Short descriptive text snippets
--- --- ---

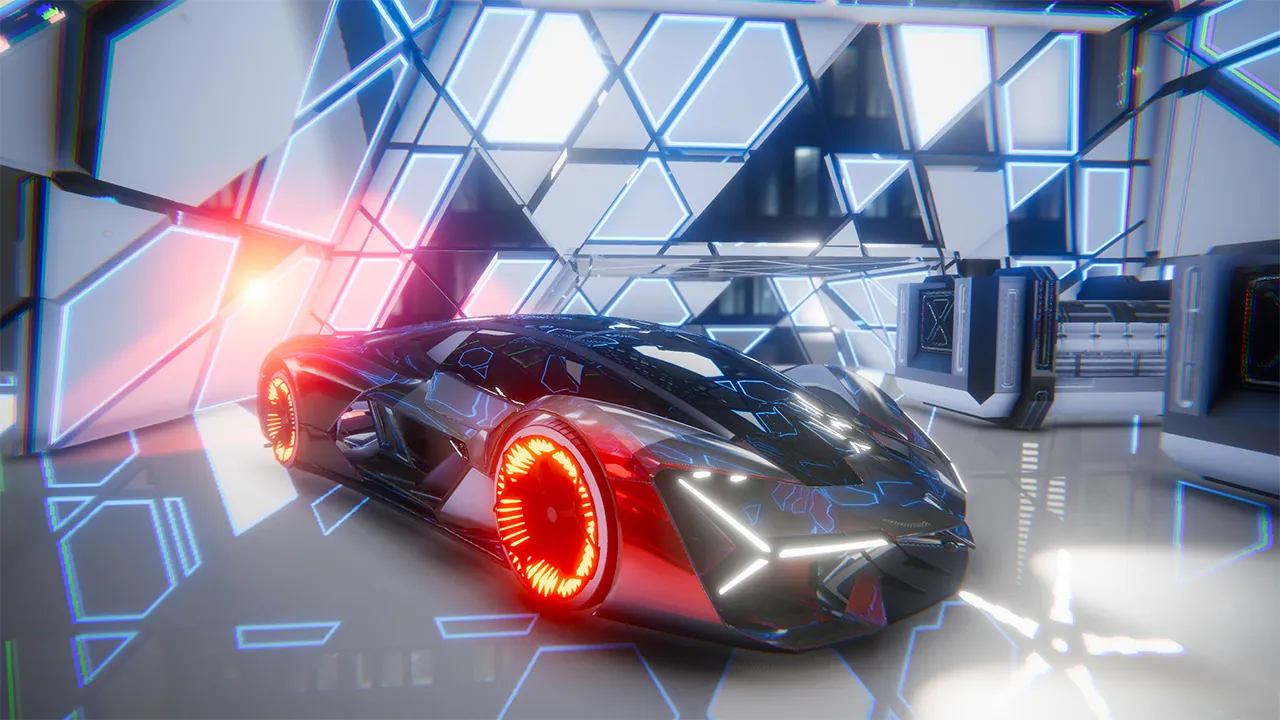 Neon Drifter - Cyber Racing - zrzut ekranu 1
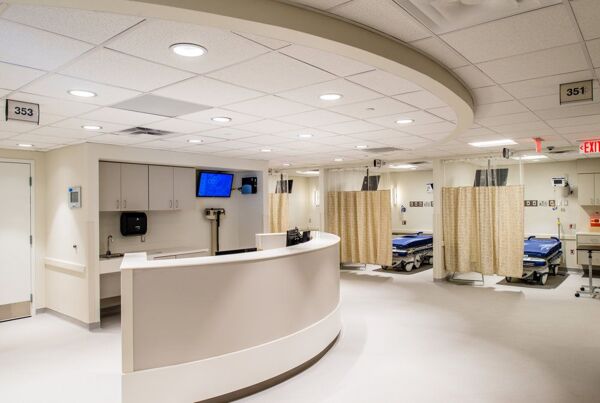 现代医院病房 舒适的高科技病房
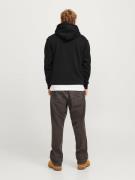 JACK & JONES Sweatshirt 'JJTree'  sort / hvid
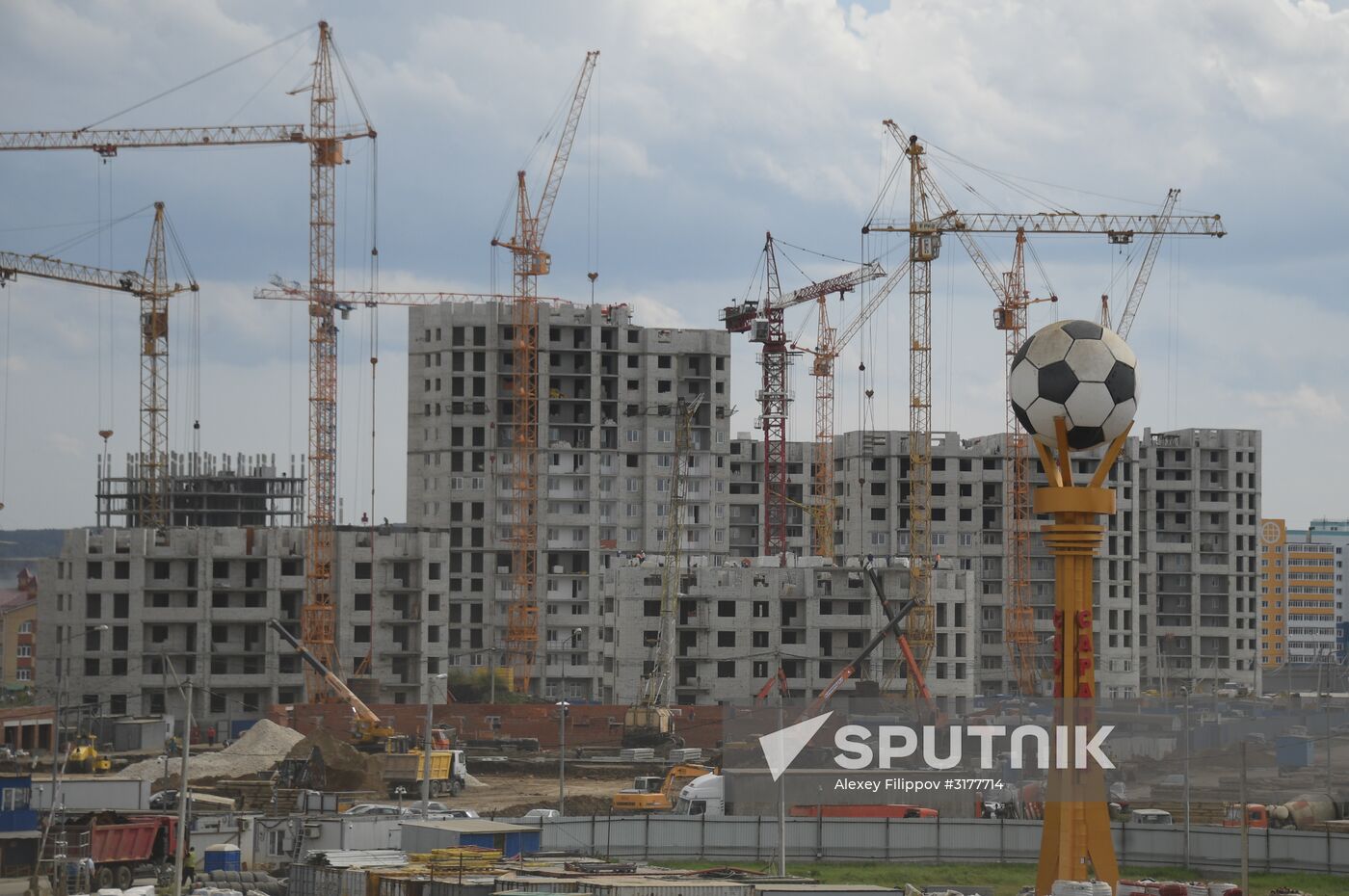 Construction of Mordovia Arena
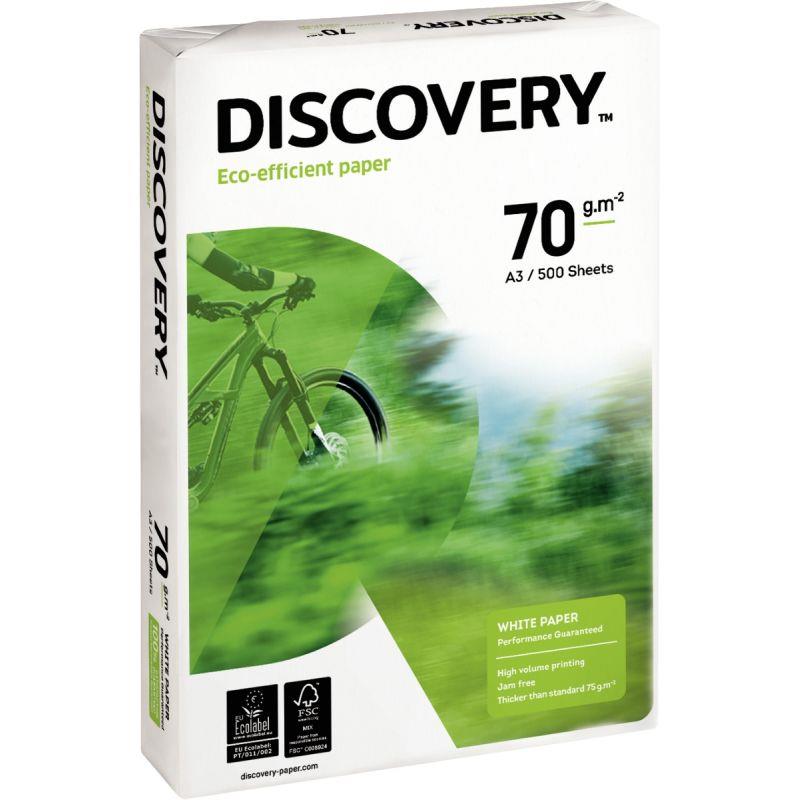 Image de  Ramette de 500 feuilles format A3 70g blanc DISCOVERY 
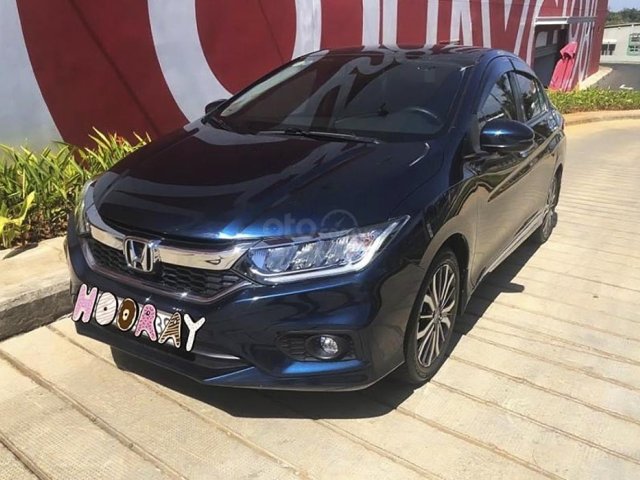 Bán xe Honda City đời 2017, màu xanh lam chính chủ, giá 510tr0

--- --- ---

= ABOUT THIS TASK =
Excluding the pictures, reproduce every entry exactly as given.

= ANSWER TO THE EXERCISE =
 Neon Drifter - Cyber Racing - zrzut ekranu 1
 现代医院病房 舒适的高科技病房
 JACK & JONES Sweatshirt 'JJTree'  sort / hvid
 Construction of Mordovia Arena
 Image de  Ramette de 500 feuilles format A3 70g blanc DISCOVERY 
 Bán xe Honda City đời 2017, màu xanh lam chính chủ, giá 510tr0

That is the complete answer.